→ **Aim of the task**:
Starting at the line that holds "Expansive windows with", reproduce each line exactly up to and including the last line of the records below. Pictures stay out.

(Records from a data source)
....

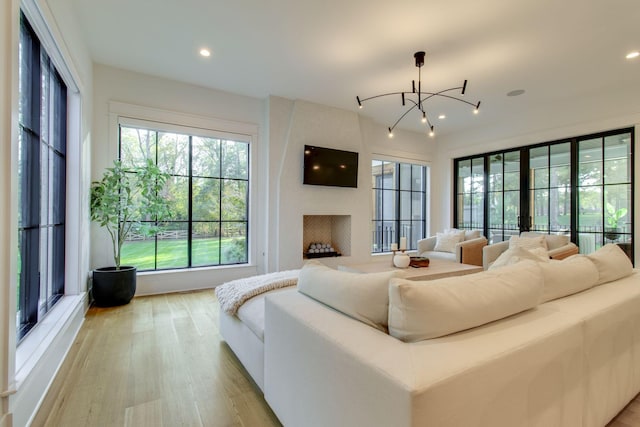 living room with a fireplace, light wood-type flooring, and a notable chandelier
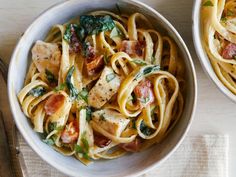 two bowls filled with pasta and meat on top of a table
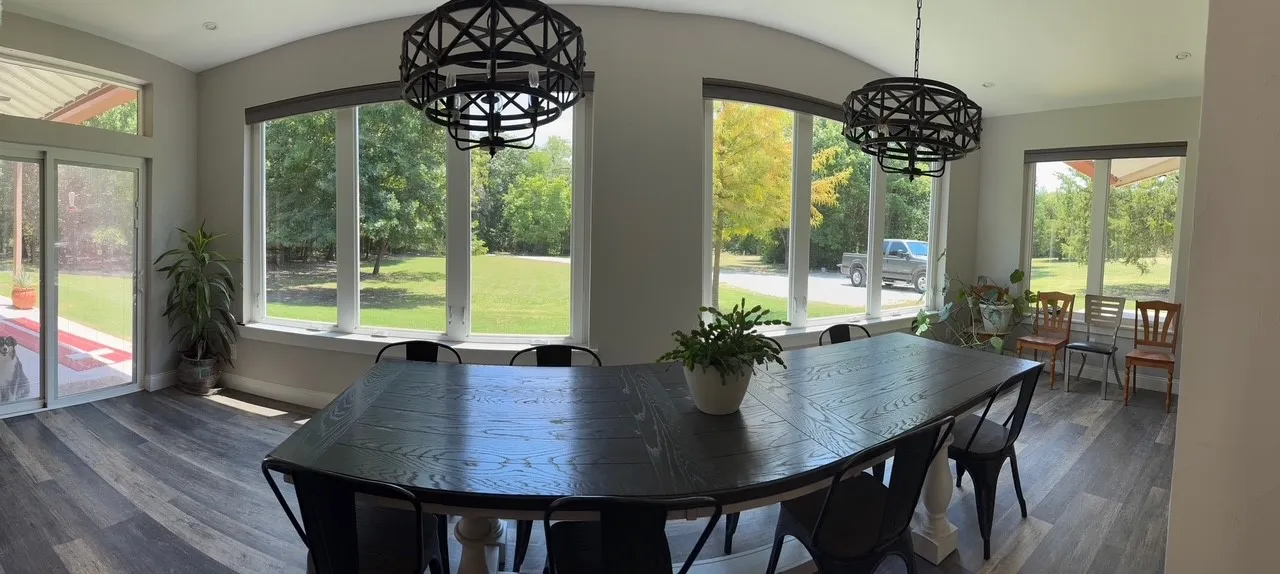Expansive windows with roller shades, wood-finish flooring, two decorative chandeliers, and recessed lighting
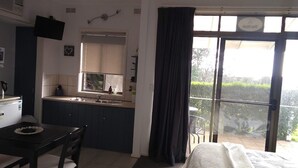A compact hotel room with a bed, a small kitchenette, a dining area, and a balcony with a view. - Banksia Park Estate (Newhaven)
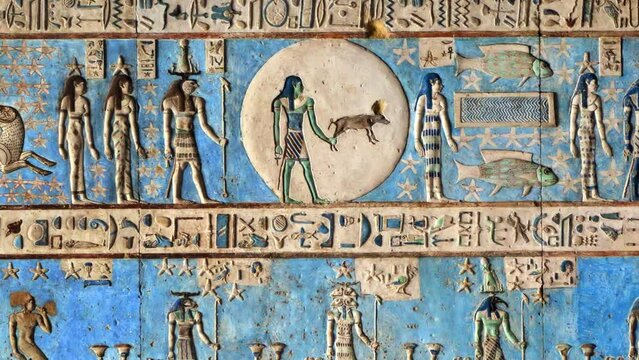 Hieroglyphic carvings and paintings on the interior walls of an ancient egyptian temple in Dendera, zoom out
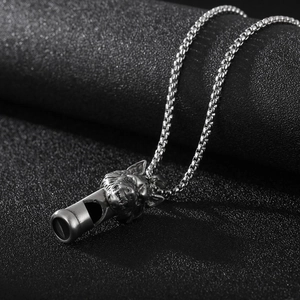 Gros plan du pendentif sifflet tête de loup argenté avec chaîne box en acier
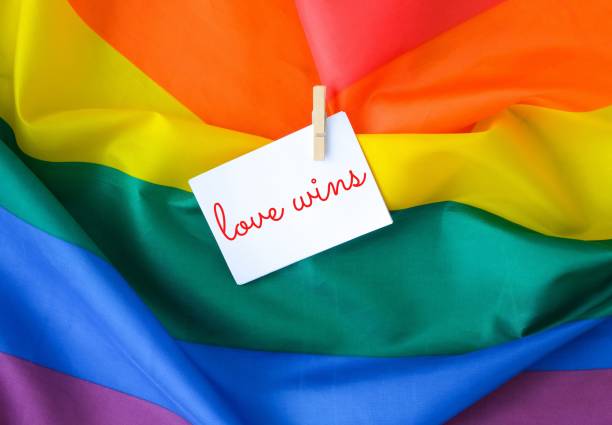 istock Rainbow flag with text LOVE WINS message on paper note. Rainbow lgbtq flag made from silk material. Symbol of LGBTQ pride month. Equal rights. 1421034590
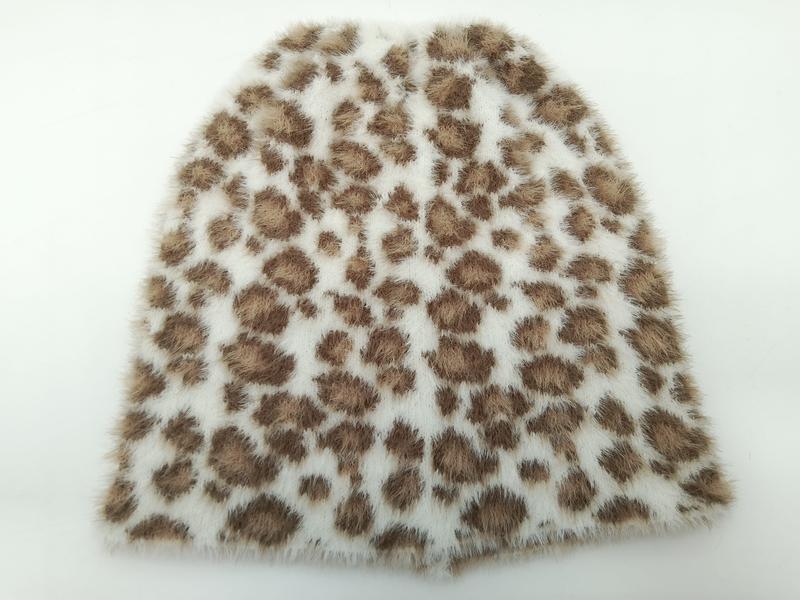 `Närbild på mjuk faux fur-tyg med brunt leopardmönster mot krämvit bakgrund.`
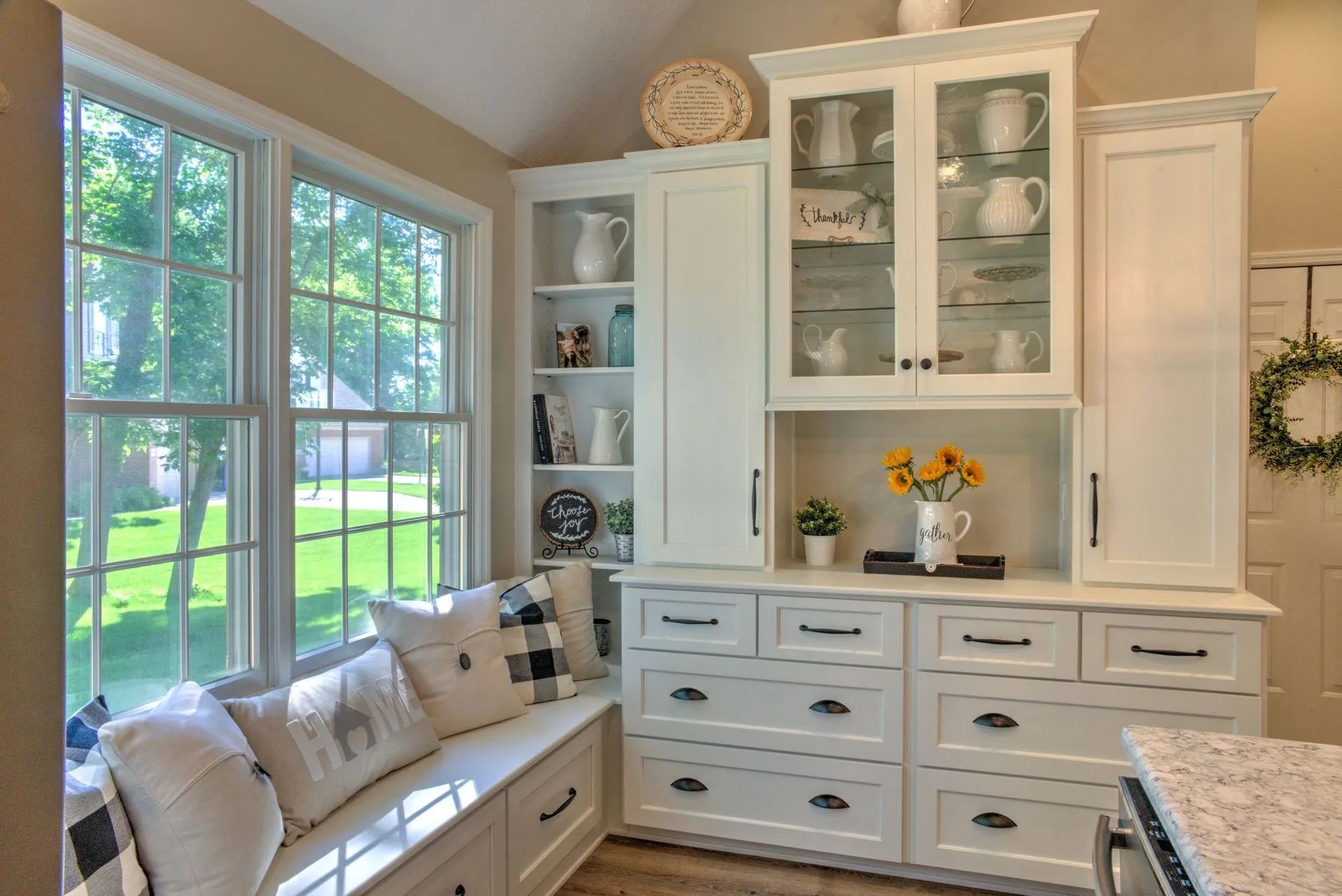 White kitchen cabinetry with a built-in window seat and glass-front display cabinet.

....

→ **Written answer**:
Expansive windows with roller shades, wood-finish flooring, two decorative chandeliers, and recessed lighting
A compact hotel room with a bed, a small kitchenette, a dining area, and a balcony with a view. - Banksia Park Estate (Newhaven)
 Hieroglyphic carvings and paintings on the interior walls of an ancient egyptian temple in Dendera, zoom out
 Gros plan du pendentif sifflet tête de loup argenté avec chaîne box en acier
 istock Rainbow flag with text LOVE WINS message on paper note. Rainbow lgbtq flag made from silk material. Symbol of LGBTQ pride month. Equal rights. 1421034590
 `Närbild på mjuk faux fur-tyg med brunt leopardmönster mot krämvit bakgrund.`
 White kitchen cabinetry with a built-in window seat and glass-front display cabinet.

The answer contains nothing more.